Beside making it possible to implement various parts of an application with the programming language of your choice, we do not enforce you to conform intrusive APIs.
We have followed the Unix philosophy : all is files. This is applied by making all manipulated data (configuration data, stored events, …) using simple, open and documented formats (tabulated text files, JSON,…).
We take for granted that software developers are adults and responsible people, having all the skills and knowledges needed to interact with the other parts of the environment without having to force them to go through contrived and over-designed layers of code.
This is true for stored data, be they persistent of just for the lifespan of a run, but also for messages exchanged between components.
Openness and flexibility requires an abstraction of the data and messages exchanged between the components making an application.
For not be tainted by the specificities of participating components, be they at system or at application level, data exchanges must take place at an abstracted level.

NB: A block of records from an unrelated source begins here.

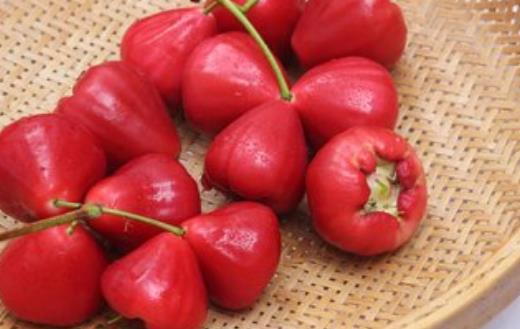 蓮霧熱量低營養(yǎng)豐富且能降血壓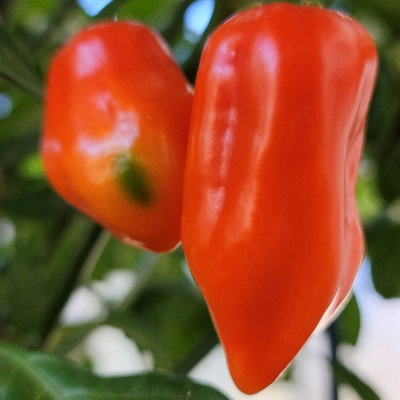 Red Savinas.jpg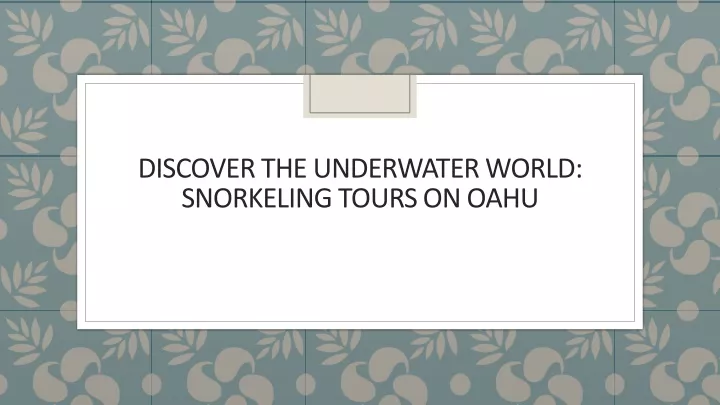 discover the underwater world snorkeling tours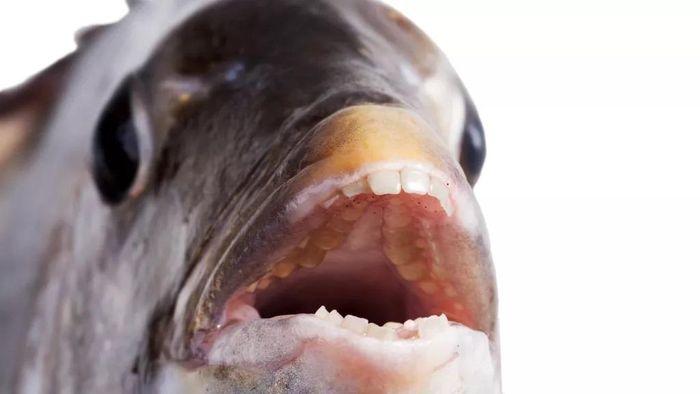 Cá đầu cừu có răng giống người.
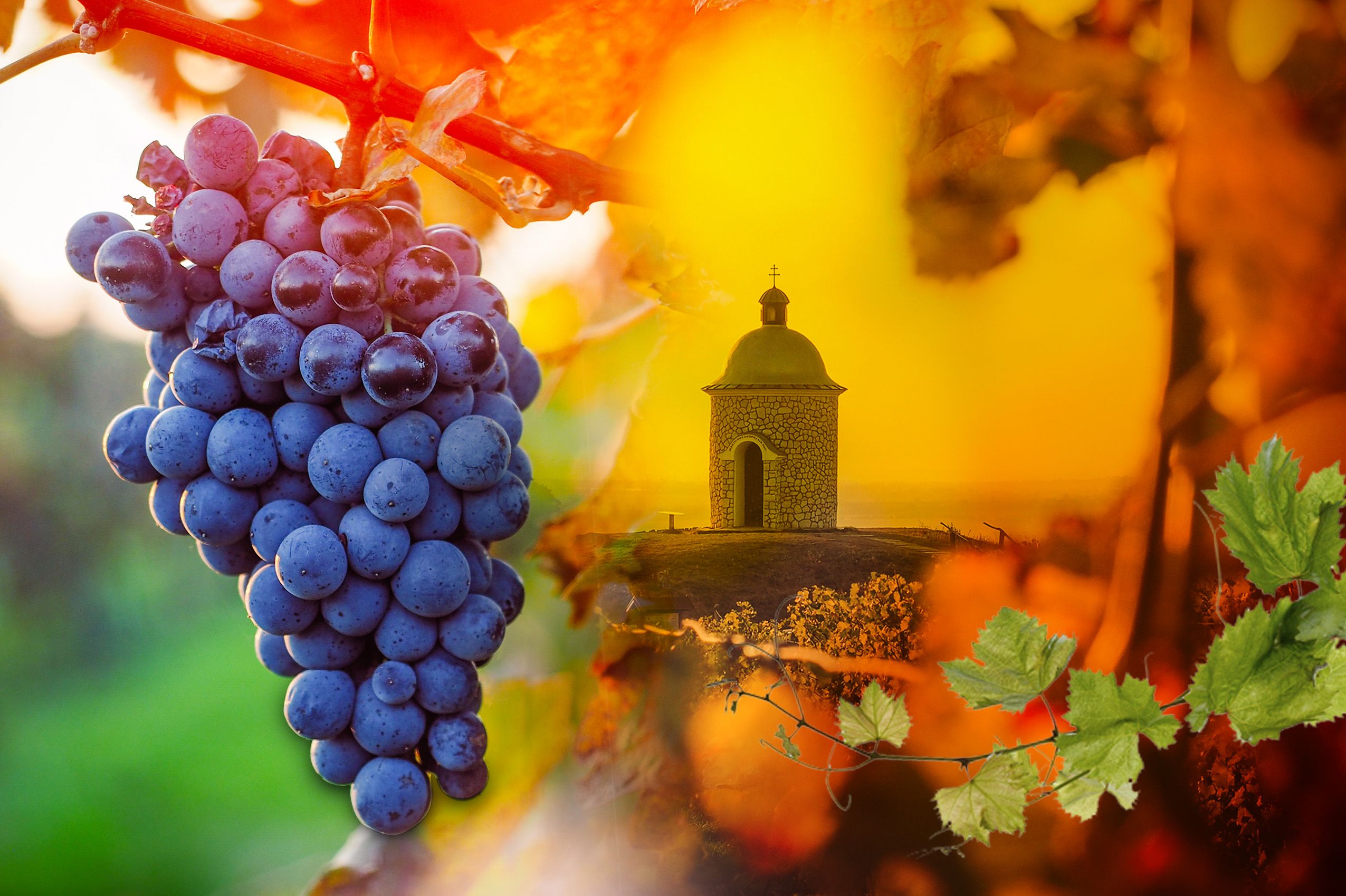 Velkobílovické vinobraní 2023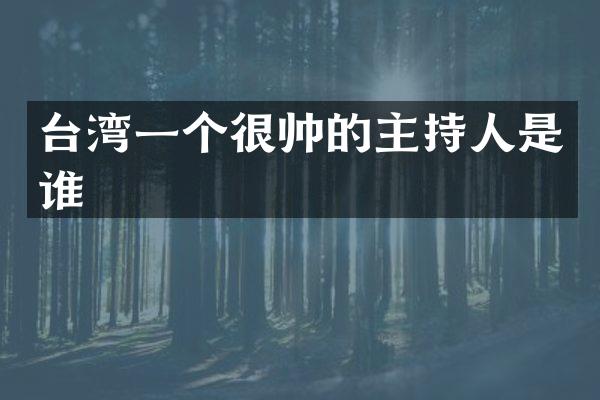 台湾一个很帅的主持人是谁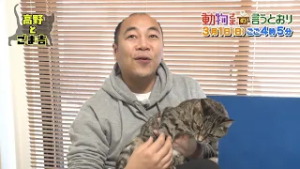 今日は猫の日?ＯＡ先出し！こんな高野、見たことない！？【きしたかの高野とネコ】
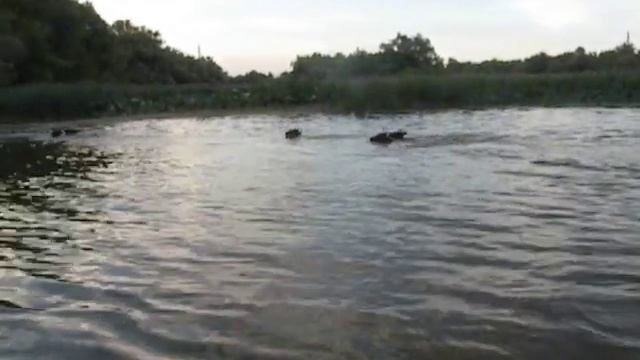 Коровы форсируют приток Волги смотреть онлайн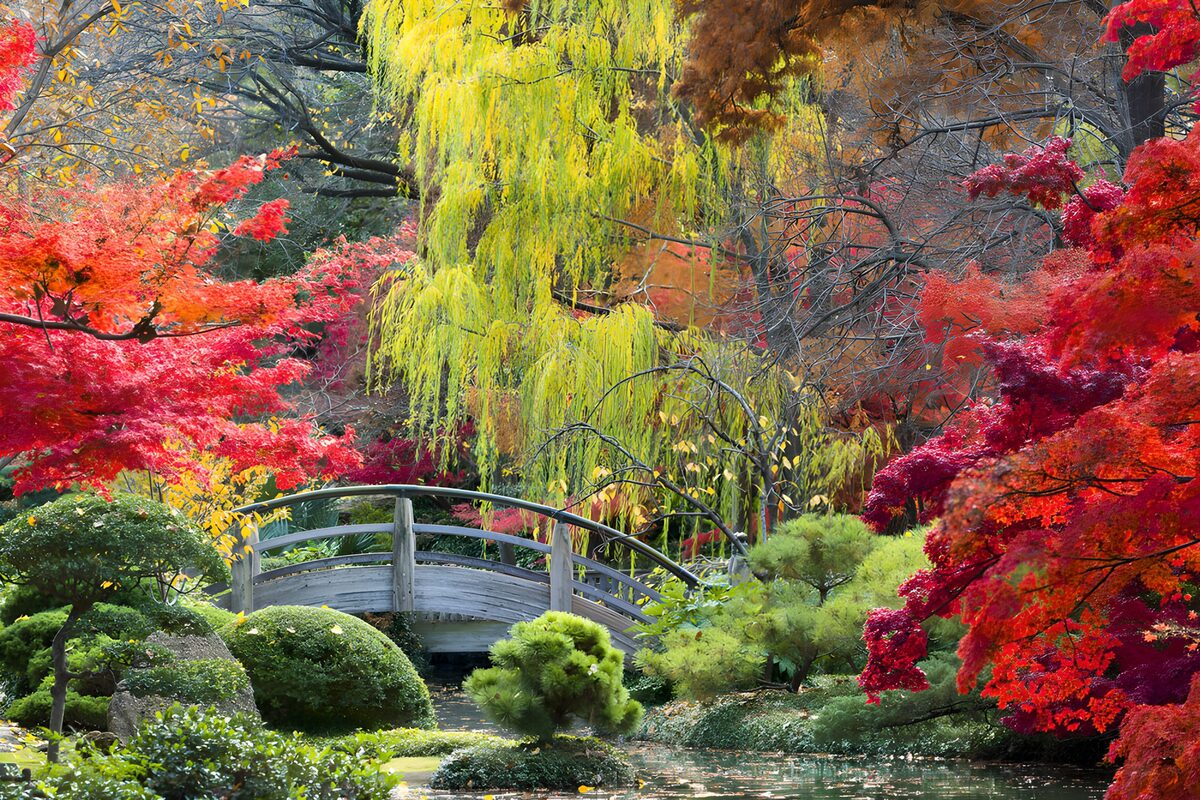 Prachtige herfstdkleurige tuin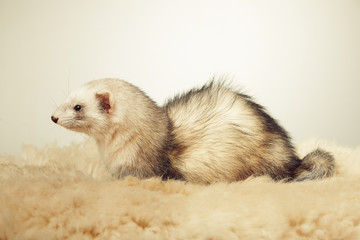 Nice light color ferret female portrait in studio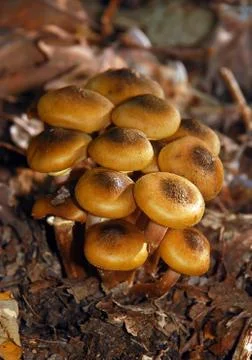 Mushrooms Stock Photos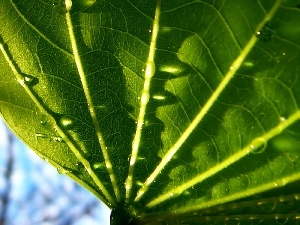 wet, leaf, Big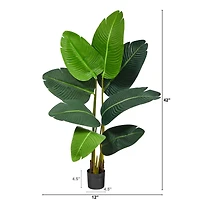 3.5ft. Potted Travelers Palm Tree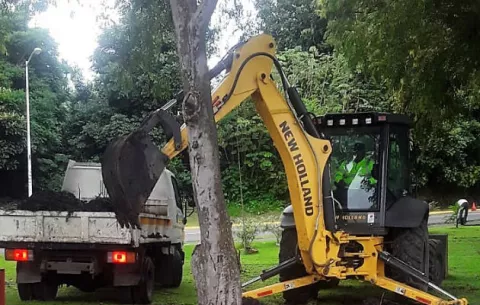 Proyectos de reforestación se realizarán en áreas revertidas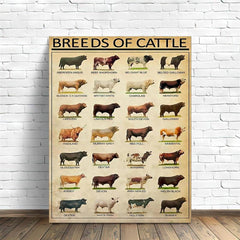 Vintage Art Canvas Painting Breeds Of Beef Cattle Painting On Canvas Wall Art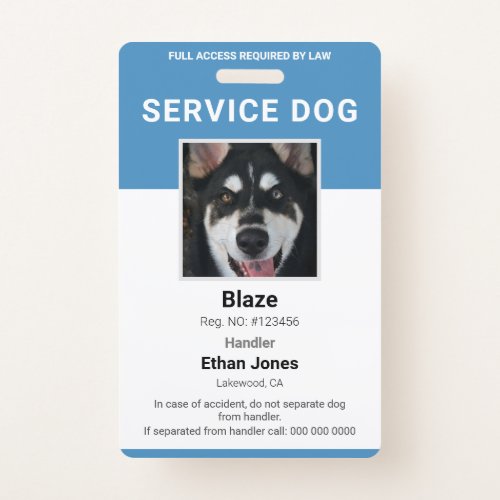 Service Dog Photo Blue Badge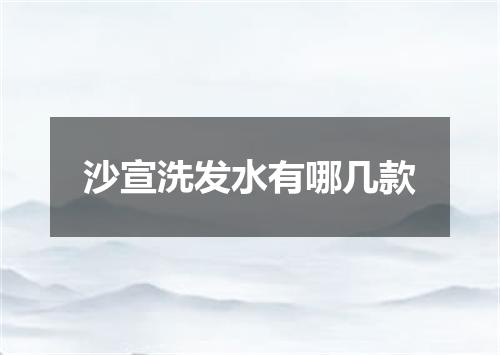 沙宣洗发水有哪几款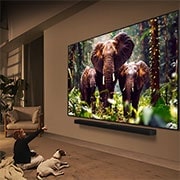 LG تلفزيون LG QNED evo AI QNED86 الذكي مقاس 100 بوصة بدقة 4K 120Hz ومدعوم بجهاز التحكم AI Magic remote وواجهة webOS25 طراز عام 2025 , يتم تشغيل محتوى خيال علمي على شاشة تلفزيون LG QNED TV. على الشاشة توجد واجهة AI Chatbot. أرسل المستخدم رسالة إلى روبوت الدردشة قائلاً إن الشاشة مظلمة للغاية. قدم روبوت الدردشة حلولاً للطلب. المشهد بأك, 100QNED86AS, thumbnail 14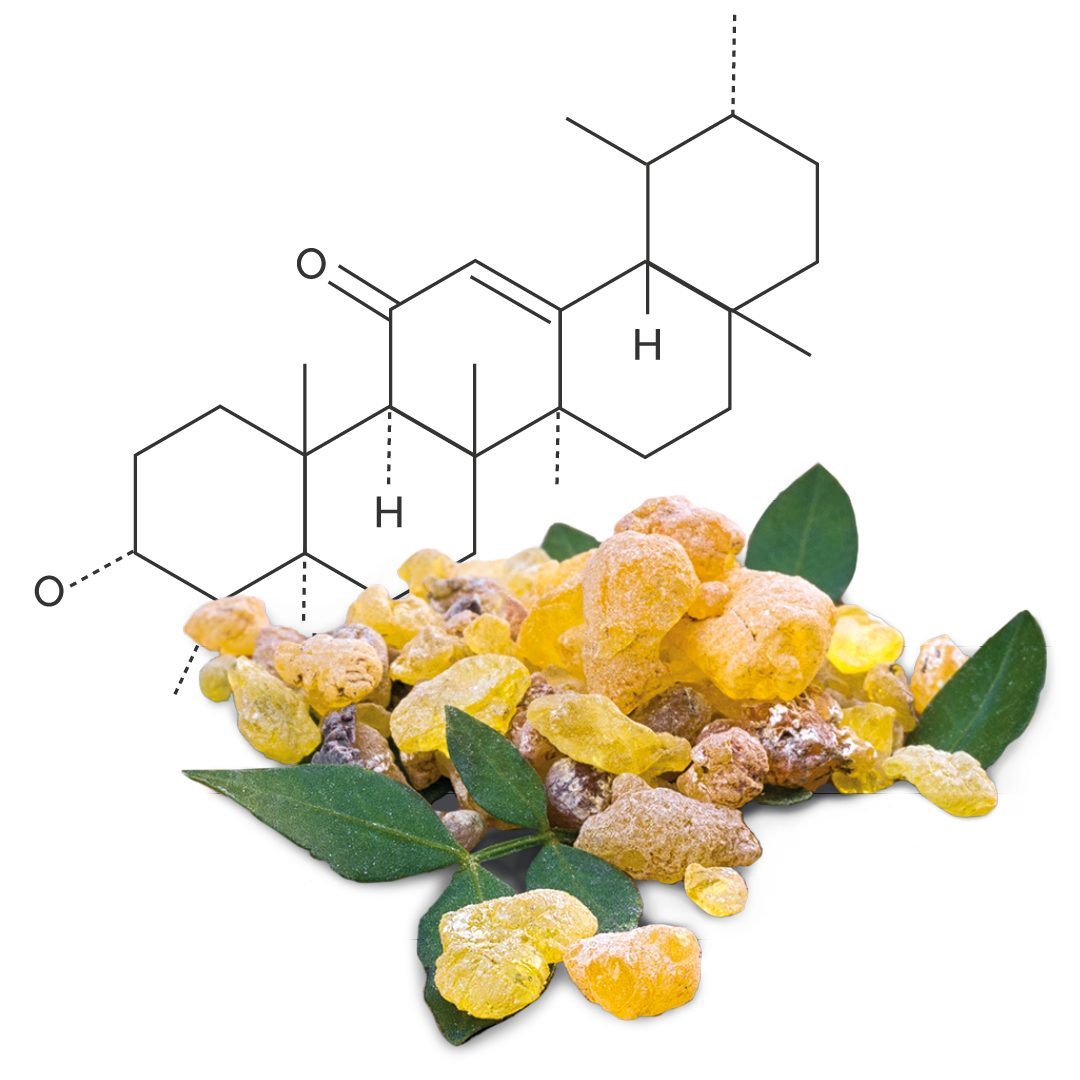 Formel der Boswelliasäure mit dem Weihrauchrohstoff im Vordergrund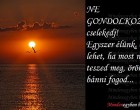 NE GONDOLKOZZ, cselekedj! Egyszer élünk, és lehet, ha most nem teszed meg, örökké bánni fogod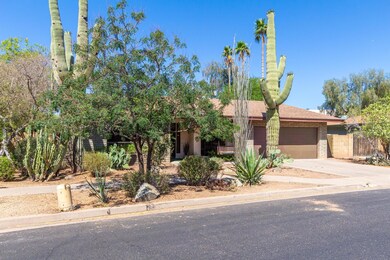 Cholla (3)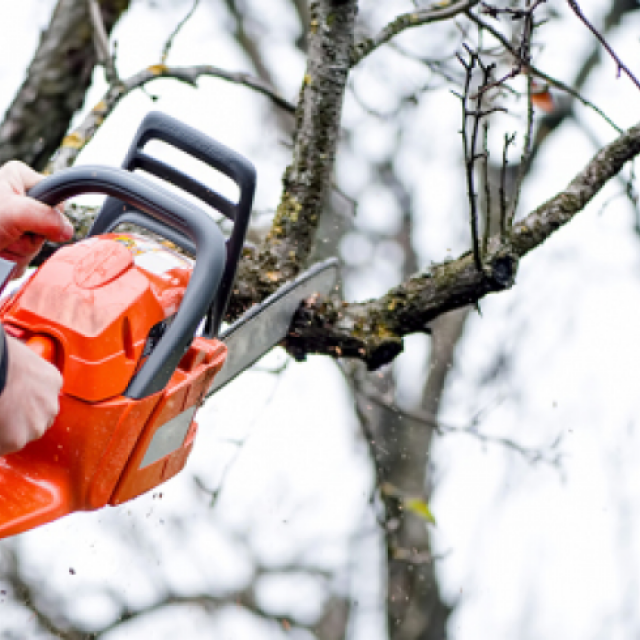 Charles Tree Services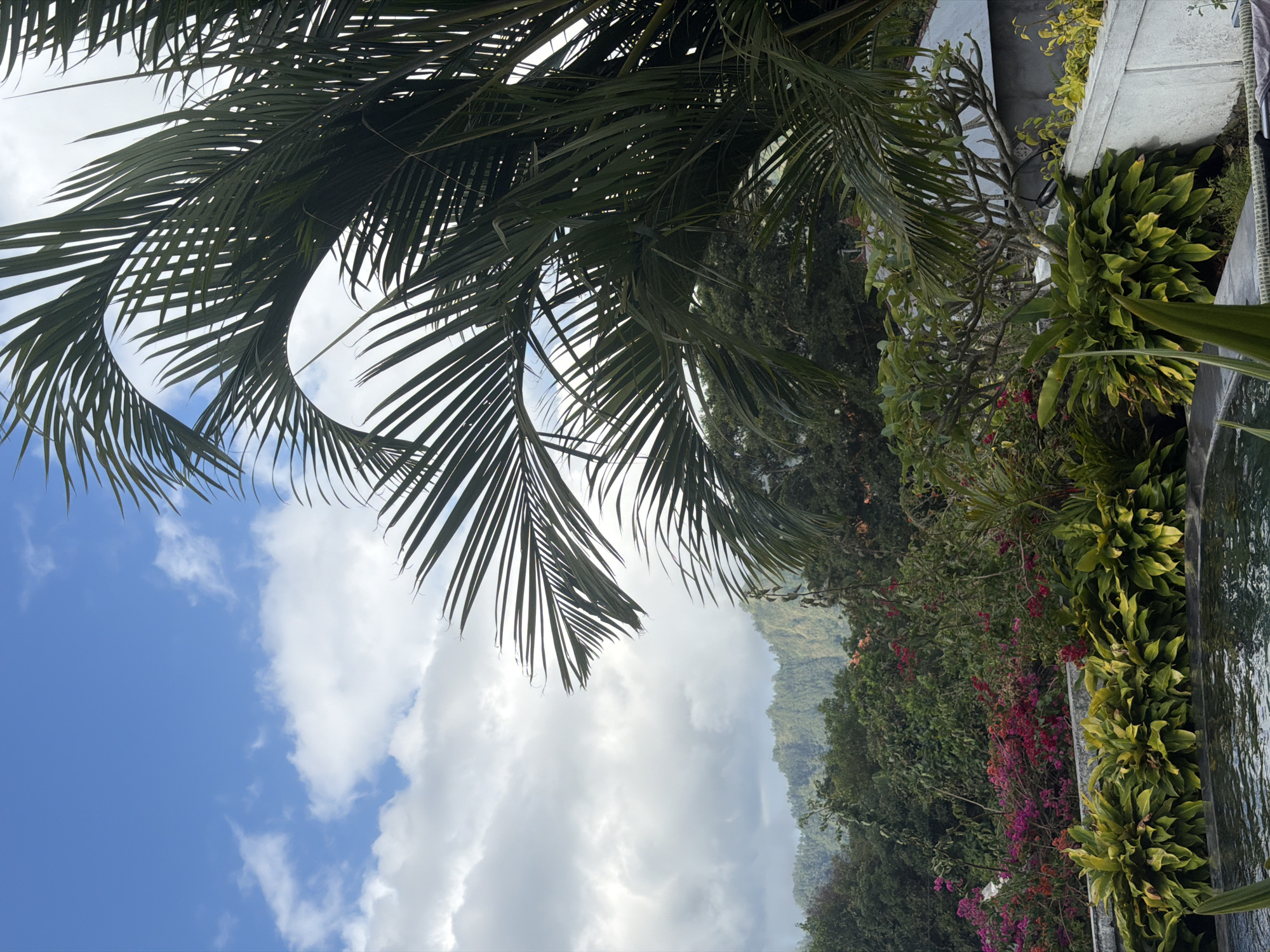 A wide shot captures a tropical landscape on a cloudy day in Kintamani, Indonesia. In the foreground, a pool of dark water reflects the overcast sky. Lush green foliage, including broad-leafed plants and flowering bushes in shades of pink and red, borders the pool. Palm fronds dominate the upper right portion of the frame, silhouetted against the sky. In the background, rolling green hills covered in dense vegetation recede into the distance. A white structure, possibly a building or wall, is visible on the right side of the image, partially obscured by plants. The scene is serene and natural, with no people visible.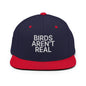 Birds Aren’t Real Embroidered Flat Bill Brim Snapback Hat - Navy/ Red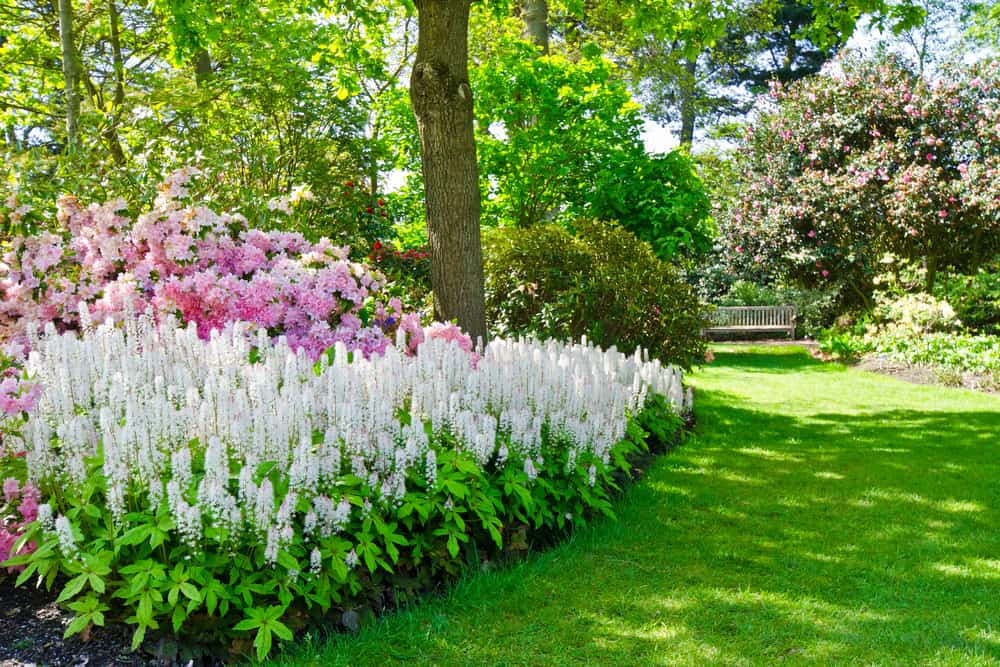 landscaped colorful garden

This means that while other systems are built around the concept of sensors and actuators, thus making intricacies such as addresses and alike surface up to the application layer, we have chosen to follow a different track.
In practical, this translates into the fact that what circulates on the message bus to notify that the temperature of the bedroom is 21°C is not a message conveying the identifier or address of the sensor which produced the information, but a message telling that the variable bedroom_temperature, which is of type temperature has presently the value of 21 using the units degC. This way, if ever the sensor is broken and must be replaced by a brand new one using a different address, the message will still be the same and nobody else will ever notice the change. This is still true even if the new equipment is from a different manufacturer, uses a different protocol or communication support, or whatever else.
We are not the only ones to do this, but all the other solutions we have analyzed use the home automation paradigm for abstracting the physical resources. So what about applications having nothing to do with home automation ?
We have stepped up one level in abstraction, and consider that an environment which is equipped with such devices is an instrumented system, which is observed and controlled by the mean of state and control variables, these variables not being inevitably tied to physical or concrete concepts.
For instance, the outside temperature can be provided by an online weather service at a time, and be replaced by an outdoor sensor some time later without any effect on the consumers of the data. Same if it is provided by a physics simulation program.
Maybe you could here again argue that the other frameworks we mentioned can do the same. This is true to some extent. But consider now an application dealing with behaviors and activities recognition, based on physical sensors inputs correlation. Such a processing should be packaged in a dedicated component, running on its own by listening to notification events pertaining to its concern, and producing in turn special events notifying the start and the end of the activities to be monitored. This is nothing less than a human behavior detector. How do you map such a sensor in available home automation oriented frameworks without using some trick to conform the paradigm imposed there ?
Of course, the principle applies the other way around for controls and commands of actuators. In this context, the message which will be used will contain the new value of the control variable, which reflects for instance the state of a power switch, the level of a dimmer,…
An interesting benefit of dealing with abstracted data instead of specialized commands here is the fact that several different command producers, be they physical devices or other software components of the application, can emit the same control message, without the controlled equipment making the difference if it does not care about the originator.
The CSTBox framework provides out of the box a collection of components implementing the frequently needed services.